Greek, South Italian
Classical Period
about 400–390 B.C.
Place of Manufacture: Italy, Apulia

Medium/Technique Ceramic, Red Figure
Dimensions Height: 53 cm (20 7/8 in.)
Credit Line Gift of Robert E. Hecht, Jr.
Accession Number1970.236
NOT ON VIEW
ClassificationsVessels

Catalogue Raisonné Vase-Painting in Italy (MFA), no. 009.
DescriptionA: Boar Hunt. The central hunter raises his sword in his right hand to slash the hindquarters of the boar, which charges to the left. His hunting companions stand on either side with spears, and there is a dead dog lying below.
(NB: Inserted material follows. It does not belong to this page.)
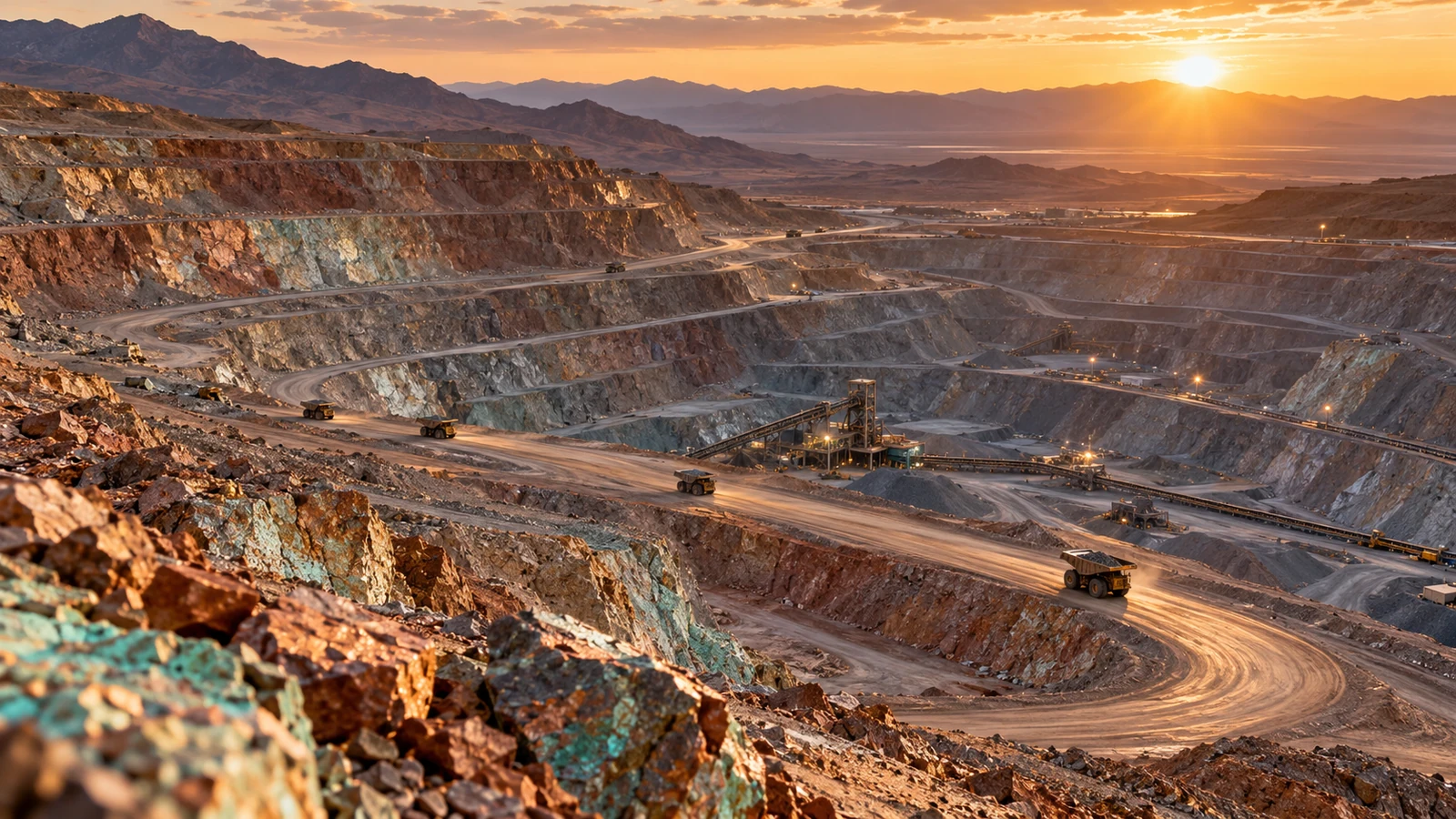 Editorial illustration of Copper Projects Beyond the Headline Grade: Permits, Processing and Payback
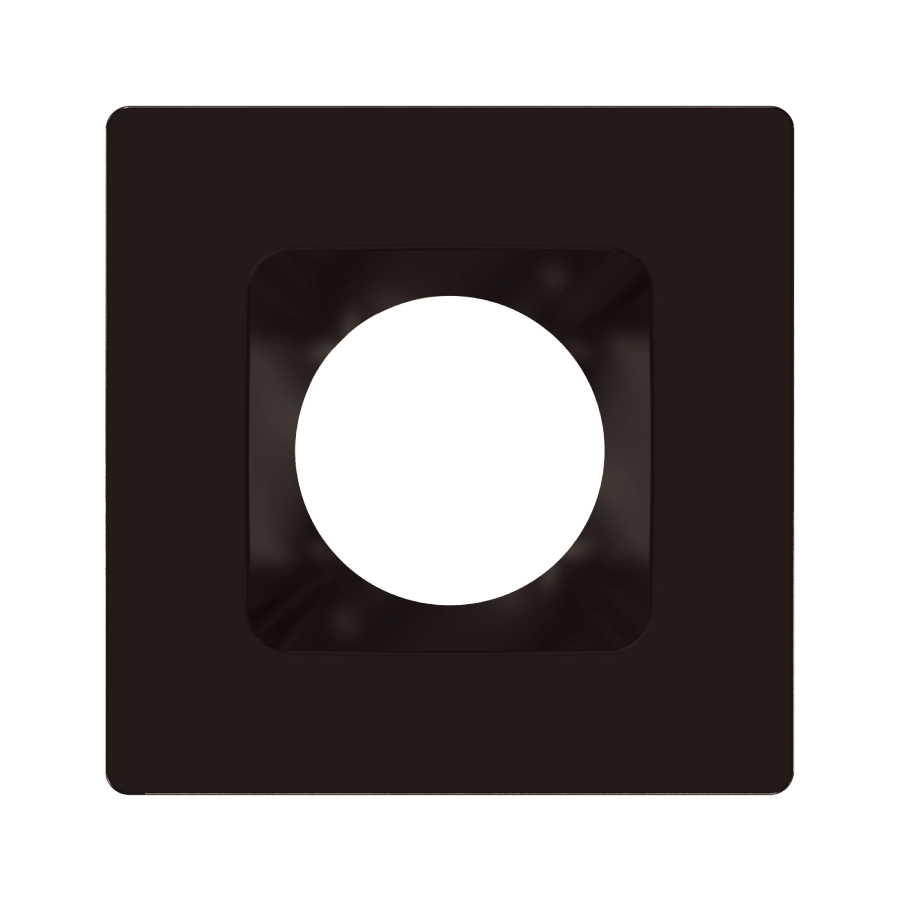 RAB Lighting 6" Square Bronze / Smooth Reflector Trim for HA6 LED Downlights, HAT6SA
The hunter at the left braces his spear under his arm to take the charge of the boar. A tree and striped rocks denote the countryside. The hunter at the left wears a Greek chlamys, pinned at the throat, but the other two are in native Italian garb: the middle one with an embroidered loincloth secured by a broad belt, the one on the right in a striped tunic with two swastikas, also held by a belt. Both have cloaks on their left arm. Although the dead dog recalls the dog Ormenos in the depiction of the Calydonian Boar hunt on the François Krater (J. D. Beazley, Attic Black-figure Vase-painters [Oxford, 1956], p. 76, no. 1), there is nothing else to suggest that this is the legendary hunt, and indeed the native costume of the two hunters makes it unlikely.

B: Two pairs of youths in long himatia stand in conversation. The leftmost youth holds a staff in his right hand; the second has a strigil in his raised right hand. Between the two at the right, whose arms are covered, hangs a pair of jumping weights; these act as a space-filler but also combine with the strigil to place the setting in the palaestra. The three youths at the right wear shoes.

Two pairs of confronted boars and lions are drawn in black silhouette on the edge of the obverse rim; on the reverse edge is a degenerate ivy vine. Panels with ivy vines and berries decorate both necks, and a similar vine circles the top of the mouth. There are black palmettes on top of the handle-plates. The pictures have lateral frames of degenerate ivy and upper frames of tongues. The lower frames consist of triple linked maeanders to left alternating with saltire-squares.

Trendall and Cambitoglou note nearly identical black animals on the rim of a column-krater in Milan ("H.A." collection 345: RVAp, I, p. 26, no. 1/117), which also has four similar youths on the reverse and an Amazonomachy with a rocky landscape of this same type. In style, the Boston krater is closely linked with the Sisyphus Painter and the Gravina Painter but is listed by Trendall and Cambitoglou among works associated with another member of the Sisyphus Group, the Ariadne Painter.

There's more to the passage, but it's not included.